Items from a data source:
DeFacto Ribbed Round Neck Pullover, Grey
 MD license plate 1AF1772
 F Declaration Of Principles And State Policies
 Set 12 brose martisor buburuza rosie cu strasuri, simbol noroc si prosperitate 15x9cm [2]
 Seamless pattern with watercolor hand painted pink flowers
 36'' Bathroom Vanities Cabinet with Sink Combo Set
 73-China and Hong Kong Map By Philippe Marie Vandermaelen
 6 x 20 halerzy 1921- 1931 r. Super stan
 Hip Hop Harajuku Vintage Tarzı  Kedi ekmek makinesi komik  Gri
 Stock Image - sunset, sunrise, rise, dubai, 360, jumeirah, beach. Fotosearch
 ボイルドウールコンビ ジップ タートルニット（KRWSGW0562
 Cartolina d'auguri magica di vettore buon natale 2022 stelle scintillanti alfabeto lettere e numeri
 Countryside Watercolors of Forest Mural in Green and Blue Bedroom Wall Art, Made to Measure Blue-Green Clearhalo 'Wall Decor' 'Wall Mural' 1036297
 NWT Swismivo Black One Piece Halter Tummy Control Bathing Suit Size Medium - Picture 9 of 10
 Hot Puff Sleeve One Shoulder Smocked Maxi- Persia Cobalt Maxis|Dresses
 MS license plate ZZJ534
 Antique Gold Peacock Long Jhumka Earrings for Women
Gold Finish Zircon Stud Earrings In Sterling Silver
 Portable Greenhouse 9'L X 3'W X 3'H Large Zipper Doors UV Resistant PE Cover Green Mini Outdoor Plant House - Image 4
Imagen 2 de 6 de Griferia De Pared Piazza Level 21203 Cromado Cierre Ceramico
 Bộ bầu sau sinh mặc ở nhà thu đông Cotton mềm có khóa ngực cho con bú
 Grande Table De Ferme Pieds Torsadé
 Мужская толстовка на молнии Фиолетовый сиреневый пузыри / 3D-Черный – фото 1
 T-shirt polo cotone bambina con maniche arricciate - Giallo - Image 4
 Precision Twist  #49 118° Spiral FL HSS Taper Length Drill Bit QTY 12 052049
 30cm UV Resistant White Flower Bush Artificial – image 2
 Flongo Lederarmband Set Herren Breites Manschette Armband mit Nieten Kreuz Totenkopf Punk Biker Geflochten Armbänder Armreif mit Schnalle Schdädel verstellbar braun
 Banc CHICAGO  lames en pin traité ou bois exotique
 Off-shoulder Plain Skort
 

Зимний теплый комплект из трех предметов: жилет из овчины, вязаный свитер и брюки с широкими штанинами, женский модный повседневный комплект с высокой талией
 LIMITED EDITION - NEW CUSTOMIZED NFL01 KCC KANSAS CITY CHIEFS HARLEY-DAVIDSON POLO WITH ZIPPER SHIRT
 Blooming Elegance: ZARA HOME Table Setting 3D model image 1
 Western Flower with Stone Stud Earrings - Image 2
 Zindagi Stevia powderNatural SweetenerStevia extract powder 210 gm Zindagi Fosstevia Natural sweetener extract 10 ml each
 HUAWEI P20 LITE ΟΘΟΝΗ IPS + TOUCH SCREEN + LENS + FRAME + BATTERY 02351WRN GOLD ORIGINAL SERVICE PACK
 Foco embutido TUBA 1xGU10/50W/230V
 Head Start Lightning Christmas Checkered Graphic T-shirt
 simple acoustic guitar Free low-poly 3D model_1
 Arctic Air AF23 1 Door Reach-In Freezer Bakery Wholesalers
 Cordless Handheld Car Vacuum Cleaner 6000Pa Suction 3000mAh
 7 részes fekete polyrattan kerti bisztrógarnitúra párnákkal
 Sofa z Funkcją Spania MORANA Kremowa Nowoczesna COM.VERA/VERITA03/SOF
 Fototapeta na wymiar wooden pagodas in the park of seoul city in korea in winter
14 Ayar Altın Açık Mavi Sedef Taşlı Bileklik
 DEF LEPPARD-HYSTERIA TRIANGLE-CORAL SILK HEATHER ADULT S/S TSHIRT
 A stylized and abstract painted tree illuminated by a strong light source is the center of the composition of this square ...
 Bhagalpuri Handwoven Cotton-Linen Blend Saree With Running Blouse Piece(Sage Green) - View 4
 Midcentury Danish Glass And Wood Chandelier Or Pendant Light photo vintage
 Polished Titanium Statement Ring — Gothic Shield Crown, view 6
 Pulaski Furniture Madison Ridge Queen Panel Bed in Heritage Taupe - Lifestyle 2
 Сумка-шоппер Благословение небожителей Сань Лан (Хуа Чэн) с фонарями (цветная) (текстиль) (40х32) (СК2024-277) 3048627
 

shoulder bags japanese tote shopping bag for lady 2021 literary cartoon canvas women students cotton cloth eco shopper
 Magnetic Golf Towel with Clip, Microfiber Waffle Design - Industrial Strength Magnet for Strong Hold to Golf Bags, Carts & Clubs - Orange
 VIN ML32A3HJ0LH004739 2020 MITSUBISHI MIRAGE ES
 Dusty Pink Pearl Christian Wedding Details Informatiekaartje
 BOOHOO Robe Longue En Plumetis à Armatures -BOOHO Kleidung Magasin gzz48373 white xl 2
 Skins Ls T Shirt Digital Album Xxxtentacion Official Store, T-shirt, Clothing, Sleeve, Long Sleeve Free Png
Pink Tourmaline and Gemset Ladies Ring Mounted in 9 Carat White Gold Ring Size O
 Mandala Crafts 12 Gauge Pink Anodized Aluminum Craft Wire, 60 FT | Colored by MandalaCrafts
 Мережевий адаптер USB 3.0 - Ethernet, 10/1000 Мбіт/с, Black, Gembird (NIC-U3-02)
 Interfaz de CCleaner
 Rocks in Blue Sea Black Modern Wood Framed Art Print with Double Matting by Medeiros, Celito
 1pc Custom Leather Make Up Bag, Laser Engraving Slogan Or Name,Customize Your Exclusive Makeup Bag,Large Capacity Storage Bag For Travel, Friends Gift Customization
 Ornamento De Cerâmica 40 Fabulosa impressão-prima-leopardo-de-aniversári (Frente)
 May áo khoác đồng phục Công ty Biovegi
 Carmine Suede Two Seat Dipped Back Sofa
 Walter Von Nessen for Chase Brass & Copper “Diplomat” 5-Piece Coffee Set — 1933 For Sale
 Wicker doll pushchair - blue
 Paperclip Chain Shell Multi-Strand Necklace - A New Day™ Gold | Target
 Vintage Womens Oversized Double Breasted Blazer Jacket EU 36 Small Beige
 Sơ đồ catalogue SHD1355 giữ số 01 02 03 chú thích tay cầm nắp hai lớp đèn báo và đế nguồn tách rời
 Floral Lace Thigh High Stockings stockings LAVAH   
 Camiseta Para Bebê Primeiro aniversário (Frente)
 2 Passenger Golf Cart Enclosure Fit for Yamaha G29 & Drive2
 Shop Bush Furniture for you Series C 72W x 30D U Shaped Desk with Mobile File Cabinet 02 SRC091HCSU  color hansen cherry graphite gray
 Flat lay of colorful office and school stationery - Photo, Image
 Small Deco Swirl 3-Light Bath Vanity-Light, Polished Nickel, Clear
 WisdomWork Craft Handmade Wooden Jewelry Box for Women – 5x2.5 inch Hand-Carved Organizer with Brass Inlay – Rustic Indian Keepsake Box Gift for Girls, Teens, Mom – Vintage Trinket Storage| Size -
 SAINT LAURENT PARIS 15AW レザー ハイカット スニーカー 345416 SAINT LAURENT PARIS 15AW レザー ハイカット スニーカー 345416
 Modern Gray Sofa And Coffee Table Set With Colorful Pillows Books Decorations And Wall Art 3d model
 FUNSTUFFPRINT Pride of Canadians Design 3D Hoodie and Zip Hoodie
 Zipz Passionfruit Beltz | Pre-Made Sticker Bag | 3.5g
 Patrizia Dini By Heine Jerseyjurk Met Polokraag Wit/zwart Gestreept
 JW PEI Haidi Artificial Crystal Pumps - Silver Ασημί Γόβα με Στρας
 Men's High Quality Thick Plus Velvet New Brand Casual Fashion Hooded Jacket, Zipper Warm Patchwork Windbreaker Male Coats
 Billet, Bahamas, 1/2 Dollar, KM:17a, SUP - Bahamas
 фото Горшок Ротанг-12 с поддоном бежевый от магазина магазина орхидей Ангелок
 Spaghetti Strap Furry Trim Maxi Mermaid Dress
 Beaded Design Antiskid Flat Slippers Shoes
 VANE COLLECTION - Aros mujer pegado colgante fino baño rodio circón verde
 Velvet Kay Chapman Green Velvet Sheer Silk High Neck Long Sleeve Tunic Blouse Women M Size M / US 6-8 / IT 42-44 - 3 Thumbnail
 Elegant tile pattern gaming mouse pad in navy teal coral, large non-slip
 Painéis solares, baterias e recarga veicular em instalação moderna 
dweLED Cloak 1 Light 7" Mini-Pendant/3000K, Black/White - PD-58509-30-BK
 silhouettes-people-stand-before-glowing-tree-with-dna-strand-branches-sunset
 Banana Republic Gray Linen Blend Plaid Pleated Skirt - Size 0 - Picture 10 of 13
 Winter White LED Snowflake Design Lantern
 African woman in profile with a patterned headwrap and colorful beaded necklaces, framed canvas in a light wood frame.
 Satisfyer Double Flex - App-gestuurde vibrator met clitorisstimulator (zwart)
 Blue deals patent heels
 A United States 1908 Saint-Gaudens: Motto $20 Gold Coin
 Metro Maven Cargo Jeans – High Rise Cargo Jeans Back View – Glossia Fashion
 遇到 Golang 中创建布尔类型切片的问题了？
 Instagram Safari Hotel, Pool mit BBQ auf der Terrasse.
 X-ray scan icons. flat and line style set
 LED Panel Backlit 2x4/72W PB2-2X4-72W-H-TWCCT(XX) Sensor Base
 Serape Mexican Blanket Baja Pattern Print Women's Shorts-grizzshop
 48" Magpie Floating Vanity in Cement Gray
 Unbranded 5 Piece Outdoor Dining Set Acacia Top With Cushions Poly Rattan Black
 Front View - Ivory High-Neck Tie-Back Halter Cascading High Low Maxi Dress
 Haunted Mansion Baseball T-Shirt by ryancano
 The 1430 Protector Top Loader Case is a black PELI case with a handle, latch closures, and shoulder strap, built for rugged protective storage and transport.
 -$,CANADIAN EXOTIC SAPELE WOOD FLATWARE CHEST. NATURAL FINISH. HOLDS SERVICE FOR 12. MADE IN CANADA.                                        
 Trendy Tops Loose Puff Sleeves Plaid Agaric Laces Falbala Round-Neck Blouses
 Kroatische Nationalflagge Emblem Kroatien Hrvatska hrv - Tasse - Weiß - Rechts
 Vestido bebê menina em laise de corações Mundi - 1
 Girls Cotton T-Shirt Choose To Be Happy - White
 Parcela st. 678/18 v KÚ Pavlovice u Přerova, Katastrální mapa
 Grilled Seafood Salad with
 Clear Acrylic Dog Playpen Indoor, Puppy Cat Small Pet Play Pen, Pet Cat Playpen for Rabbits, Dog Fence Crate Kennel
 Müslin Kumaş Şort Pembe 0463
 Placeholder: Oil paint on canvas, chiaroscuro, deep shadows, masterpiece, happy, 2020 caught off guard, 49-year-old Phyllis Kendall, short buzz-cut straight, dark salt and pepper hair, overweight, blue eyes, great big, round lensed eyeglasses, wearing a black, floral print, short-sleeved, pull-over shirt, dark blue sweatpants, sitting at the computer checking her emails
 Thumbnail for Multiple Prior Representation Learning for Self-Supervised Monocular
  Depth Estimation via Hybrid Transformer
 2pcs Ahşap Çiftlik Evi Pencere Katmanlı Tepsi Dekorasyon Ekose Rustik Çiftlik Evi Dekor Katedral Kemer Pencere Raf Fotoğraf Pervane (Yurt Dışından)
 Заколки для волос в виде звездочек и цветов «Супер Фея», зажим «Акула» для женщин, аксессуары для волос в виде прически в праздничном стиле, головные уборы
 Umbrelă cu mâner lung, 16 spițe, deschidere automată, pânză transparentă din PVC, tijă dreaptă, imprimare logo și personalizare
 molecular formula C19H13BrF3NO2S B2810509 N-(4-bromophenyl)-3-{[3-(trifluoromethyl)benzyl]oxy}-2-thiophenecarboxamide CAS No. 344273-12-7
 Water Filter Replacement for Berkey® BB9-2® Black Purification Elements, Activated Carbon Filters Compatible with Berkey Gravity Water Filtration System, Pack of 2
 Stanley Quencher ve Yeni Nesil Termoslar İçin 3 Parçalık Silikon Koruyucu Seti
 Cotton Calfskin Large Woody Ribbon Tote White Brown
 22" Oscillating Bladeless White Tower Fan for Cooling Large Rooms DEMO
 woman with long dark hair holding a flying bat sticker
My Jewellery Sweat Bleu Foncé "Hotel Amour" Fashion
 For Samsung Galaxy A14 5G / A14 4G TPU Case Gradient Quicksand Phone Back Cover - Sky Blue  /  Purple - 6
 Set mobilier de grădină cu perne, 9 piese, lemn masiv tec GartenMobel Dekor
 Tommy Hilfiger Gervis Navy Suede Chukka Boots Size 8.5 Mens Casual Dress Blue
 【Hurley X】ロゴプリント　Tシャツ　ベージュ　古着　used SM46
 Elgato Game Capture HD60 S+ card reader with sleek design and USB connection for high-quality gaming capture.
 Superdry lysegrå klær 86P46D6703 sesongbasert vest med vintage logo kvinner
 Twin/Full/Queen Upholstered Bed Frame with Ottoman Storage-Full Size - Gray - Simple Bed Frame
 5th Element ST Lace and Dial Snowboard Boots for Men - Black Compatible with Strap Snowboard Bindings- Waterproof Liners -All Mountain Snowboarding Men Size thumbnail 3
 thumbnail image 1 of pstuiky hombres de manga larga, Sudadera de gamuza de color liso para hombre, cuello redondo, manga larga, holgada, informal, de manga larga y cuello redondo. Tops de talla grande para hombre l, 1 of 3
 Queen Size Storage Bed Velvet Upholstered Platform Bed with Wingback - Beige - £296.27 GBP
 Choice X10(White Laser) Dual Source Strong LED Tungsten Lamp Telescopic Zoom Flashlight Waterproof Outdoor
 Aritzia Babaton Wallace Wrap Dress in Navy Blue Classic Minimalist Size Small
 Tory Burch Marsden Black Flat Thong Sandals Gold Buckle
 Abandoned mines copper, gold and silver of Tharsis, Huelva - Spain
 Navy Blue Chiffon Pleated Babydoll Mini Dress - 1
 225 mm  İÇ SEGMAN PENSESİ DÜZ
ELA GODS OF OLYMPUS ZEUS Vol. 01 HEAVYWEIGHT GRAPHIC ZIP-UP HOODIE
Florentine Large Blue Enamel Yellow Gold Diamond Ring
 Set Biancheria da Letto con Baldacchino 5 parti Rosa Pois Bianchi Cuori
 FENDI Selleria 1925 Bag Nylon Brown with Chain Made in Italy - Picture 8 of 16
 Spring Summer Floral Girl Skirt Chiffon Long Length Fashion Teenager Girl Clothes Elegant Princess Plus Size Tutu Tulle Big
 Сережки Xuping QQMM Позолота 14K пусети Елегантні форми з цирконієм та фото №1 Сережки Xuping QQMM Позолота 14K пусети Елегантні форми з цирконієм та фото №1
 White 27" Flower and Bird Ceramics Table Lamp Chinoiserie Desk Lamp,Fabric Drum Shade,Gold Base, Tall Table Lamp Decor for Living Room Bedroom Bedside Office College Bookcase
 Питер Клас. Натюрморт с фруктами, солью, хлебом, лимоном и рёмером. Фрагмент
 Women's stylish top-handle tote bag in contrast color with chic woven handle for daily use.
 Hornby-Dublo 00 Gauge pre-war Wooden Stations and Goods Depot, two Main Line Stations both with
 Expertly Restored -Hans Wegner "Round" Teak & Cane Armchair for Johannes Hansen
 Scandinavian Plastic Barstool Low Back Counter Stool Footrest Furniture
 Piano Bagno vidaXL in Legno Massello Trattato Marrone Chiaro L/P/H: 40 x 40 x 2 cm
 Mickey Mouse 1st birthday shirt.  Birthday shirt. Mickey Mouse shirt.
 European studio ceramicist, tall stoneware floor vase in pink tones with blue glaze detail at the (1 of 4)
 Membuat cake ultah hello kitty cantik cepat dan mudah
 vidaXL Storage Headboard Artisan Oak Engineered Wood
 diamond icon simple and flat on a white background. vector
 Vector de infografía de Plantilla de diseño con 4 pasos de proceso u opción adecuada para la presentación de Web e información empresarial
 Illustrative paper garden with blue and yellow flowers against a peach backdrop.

◆ **EXERCISE OBJECTIVE**: Tell how many lines of the data above contain the word "zwart", giving the number by itself.

◆ **ANSWER TO THIS EXERCISE**: 2